En septembre 1946, j'ai cessé mes études universitaires et j'ai travaillé deux ans à la maison de Versailles, jusqu'en août 48. Pendant très peu de temps, ma directrice a été Nini, qui fut remplacée par Monsieur et Madame Félix Goldschmidt. Comme les Samuel, les Goldschmidt se sont investi dans la marche de la maison et le bonheur des enfants, parmi lesquels il y avait Leiser (Elie) Wiesel qui n'était pas toujours facile. Ils rêvaient de leur donner le sentiment d'avoir une famille. Malheureusement, c'était aux dépens de leurs propres enfants.
Après qu'il ait fait deux années d'études à Paris, le directeur, le grand rabbin Lieber, attribua à Max une bourse pour faire une année d'études dans une yeshiva. Il choisit Londres, et après un essai dans une yeshiva qui ne lui convenait pas, il décida d'aller au Jewish College, qui avait ouvert ses portes quelques années plus tôt, et où les études y étaient d'un très haut niveau.
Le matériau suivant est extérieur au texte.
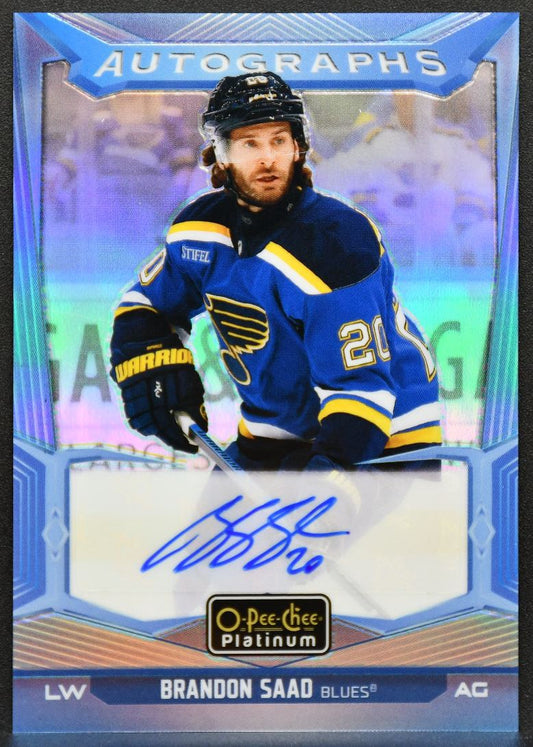 2024-25 OPC Platinum Blue Rainbow Autographs Brandon Saad BA-BS Blues Auto 8393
Le maître était Rav Kahana, un ancien responsable d'une yeshiva de Lituanie jusqu'à la guerre. Sa femme et ses enfants furent déportés ; il put, lui, arriver en Angleterre où il fréquenta l'Université de Londres pour apprendre l'anglais. C'est grâce à lui que Max, qui était de loin le plus jeune élève, put obtenir une Smi'ha, titre lui permettant de prendre des décisions rabbiniques. Max est revenu en juillet d'Angleterre, muni du diplôme de Rabbin très prestigieux, mais n'avait pas fait celui de l'école rabbinique française. On lui fit des misères… et il le passa donc, un an plus tard. C'était impossible autrement, d'abord pour l'honneur de l'école et ensuite pour obtenir un poste d'État. Les postes de rabbins des trois départements de l'Est étaient, grâce au concordat, des postes d'Etat et avaient une place importante dans la vie officielle. Lorsqu'il commença à travailler, il avait 23 ans.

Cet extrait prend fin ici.